Tuesday, October 4, 2011

Cook, Good, Food

When I really want to unwind and let loose, I used to crack open a bottle of Jack Daniels and grab a funnel from the kitchen drawer. These days, I use a slightly less liver-destroying method of cooling my sheeze down. I still have a soft spot for the bourbon, but now it's the loveliness of a single glass, an ounce and a quarter of the good stuff, and three ice cubes. Other methods include hot baths, sitcom television, and re-reading McSweeney's guide to '80s bands, which can make me laugh so hard I wheeze.

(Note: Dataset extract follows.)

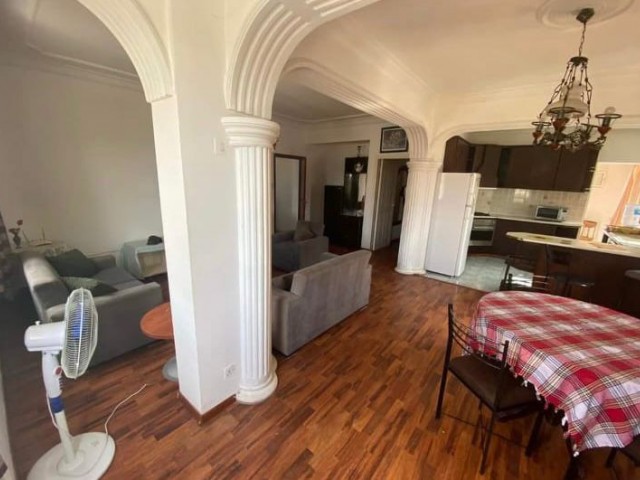 3+1, 115 m², zentral gelegene, unmöblierte Wohnung zum Verkauf in Yenikent.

But over the last few months, I've developed a real affinity for what may be my most relaxing pastime yet: cooking.

Back when I would have wine for, not with, dinner, I was a bit of a foodie. My first boyfriend was a chef, and my first jobs were all in the food service industry, so an interest in high-end food came naturally. There's an exoticism to fine dining. You get a little dressed up, people take you to your table and fawn over you with hunks of bread and little piles of food. An amuse-bouche? Okay! Some sort of prix-fixe menu that delivers artful towers of prawns or scallops or veal cheeks? Homemade ice cream? Deceptively tiny servings ("This is like, five mouthfuls for forty-five dollars! I'm going to eat eight slices of this really nice bread to make up for it."), and bucketload of booze. It's a very appealing, albeit expensive, way to live one's life. When the whole, 360 experience is taken into consideration (the room, the service, the view, the waiter's designer outfit), it feels glamorous. It can be a little bit addictive.

When we were younger, my mom was definitely the family dinner-maker. We used to pray for unadulterated Kraft Dinner, but she usually wouldn't cave to our high-pitched begging. I remember salmon cakes and steamed vegetables, or breakfast cereal-encrusted chicken, or spaghetti with olives and shredded carrots. These sound like culinary forerunner to taste experiments like nitrogen-frozen cherries, but my mom is an excellent cook (even if she did ruin KD by putting tuna in it). My dad made more "manly" foods - meat, grilled; meat, roasted; deli meat, fried. She usually cooked during the week, and they did a kitchen pas de deux on the weekends.

While there are entire magazines and cookbook sections devoted to getting dinner pumped out seven nights a week, I actually find cooking very relaxing. (This is probably due to the lack of hungry, shrieking children in my household.) I move fast in the kitchen, and have a slowly-growing repertoire of good, fast, tasty meals I can whip up ranging from breakfast burritos to vegan shepherds pie to banana-chocolate chip muffins. Sometimes I follow a recipe; other times, I improvise. With the exception of the chef boyfriend, I've been tapped in for KP on almost every relationship. I remember the first time I cooked for my Big Ex - we had been hanging out for, like, 36 hours straight. I was ravenous. We were both too broke for take-out, so I whipped up an udon-and-eggplant stir-fry. He looked at me with stars in his eyes. I love that feeling.

These days, I'm experimenting more. I buy the bacon marmalade and the kimchee. I make breakfasts with pickled beets. I want to try more advanced stuff, like whole chicken or yeast breads. Some of my friends will whip up salsas and make their own yogurt on the fly, but I'm not there. Years of denying the pleasure of food - unless it was really fancy food - have left me hesitant to explore my own kitchen. Islands of safety, like eggplant-and-udon stirfries, need to give way to oceans of new experiences.

2 comments:

  1. Making dinner is almost always the most relaxing part of my day. And when it comes to recipes, I rarely follow them precisely. I don't do much baking, but that's where you really need to follow instructions carefully. That and pizza dough. Don't fuck up pizza dough.

    ReplyDelete
  2. I heard about this one guy who tried to mess with a pizza dough recipe? They're still finding bit of pizza in the trees around his house.